Thornton spoke about STUB’s new approach to their events this year due to coronavirus restrictions, but mentioned that some students have benefited from the shift to online formatting.

“I think STUB, like all the other organizations on campus, we’ve really had to put a lot of thought into our programming this year.” Thornton said. “This is definitely an event that STUB advertised towards commuters, students living at home, or residents in CHA because of their kitchens. This was definitely a different approach because I feel like most of the time we do advertise to residential students living in the dorms.”

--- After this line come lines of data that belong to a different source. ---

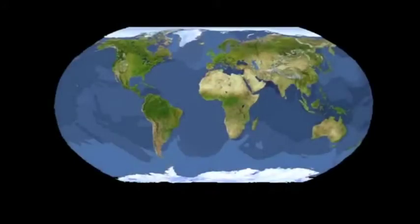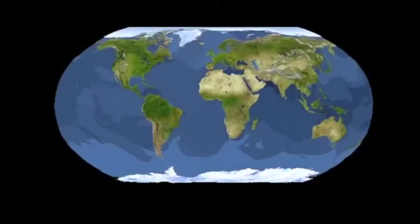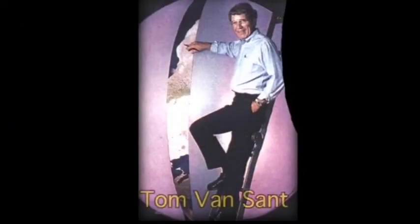Tom Van Sant's Geosphere map, using Arthur Robinson's projection, was assembled from thousands of satellite photographs taken about 530 miles above the earth. These individual satellite pictures were then squeezed and stretched to fit into the Robinson projection.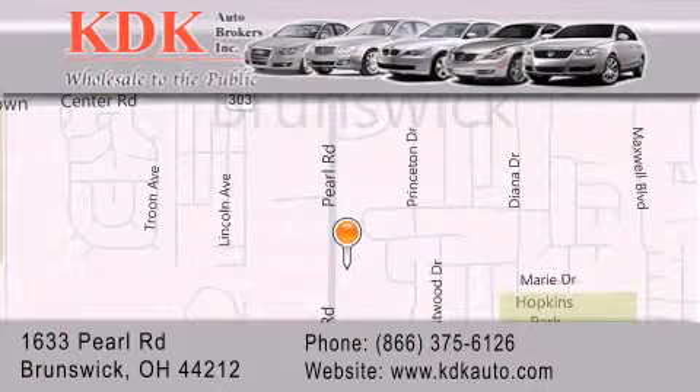We are conveniently located at 1633 Pearl Road, just one-half mile south of Route 303, minutes off I-71. We look forward to serving you.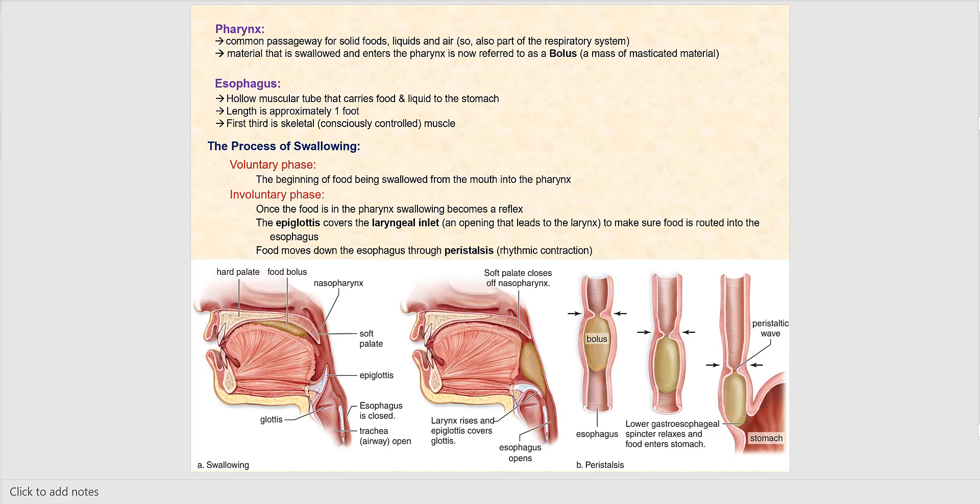Moving further along the digestive tract, we have the pharynx — the common passageway for solid foods, liquids, and air. It is divided into three regions: the nasopharynx, the oropharynx, and the laryngopharynx. As far as solid foods and liquids are concerned, they enter the oropharynx and the laryngopharynx, specifically the posterior part of the laryngopharynx, which is the esophagus.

Also a Programmer for STUB, Senior Samantha Swayze, who was in charge of running the Great Falcon Baking Night, agreed with Thornton. Swayze claimed that since favorite STUB events among students such as First Fridays and the annual talent show can no longer happen, the number of students attending the online events has been smaller as a result.

“Doing a virtual format, we’re not getting that turnout and it’s really been a challenge to adapt to that,” Swayze said. “We still need to encourage students to have that community, even though our events are online.”

Swayze hoped that an online baking tutorial during a pandemic would interest students.

“I drive off of what I think is fun,” Swayze said. “With quarantine, I picked up quite a bit of a baking craze. When that idea was suggested, I thought it was a really great idea and I thought it would be really fun.”

Swayze hoped to provide students with an enjoyable activity that might lead to some of them finding new friends—especially during a time where meeting new people can be challenging.

“I thought a baking night would be a great way to include all of SPU,” Swayze said.

Similarly to Chef Chris, Swayze grew to appreciate baking because of an inspiring family member.

“My grandmother and I are really close, and she’s an amazing baker,” Swayze said. “I grew up a lot with her food and her cooking.”

The Great Falcon Baking Night provided an opportunity for SPU students to bond with their peers while learning new skills from an accomplished chef. Although the event took place over a Zoom call, many students—Thornton and Swayze included—thoroughly enjoyed their time in their respective kitchens.

“It really picked my mood up. I had a really fun time, and I think that’s what [STUB events] can offer,” Swayze said. “Times are tough right now and this isn’t the college experience that we asked for, but I still think that it brings a sense of community. And even though that community is not exactly the same, we’re still trying to strive for that.”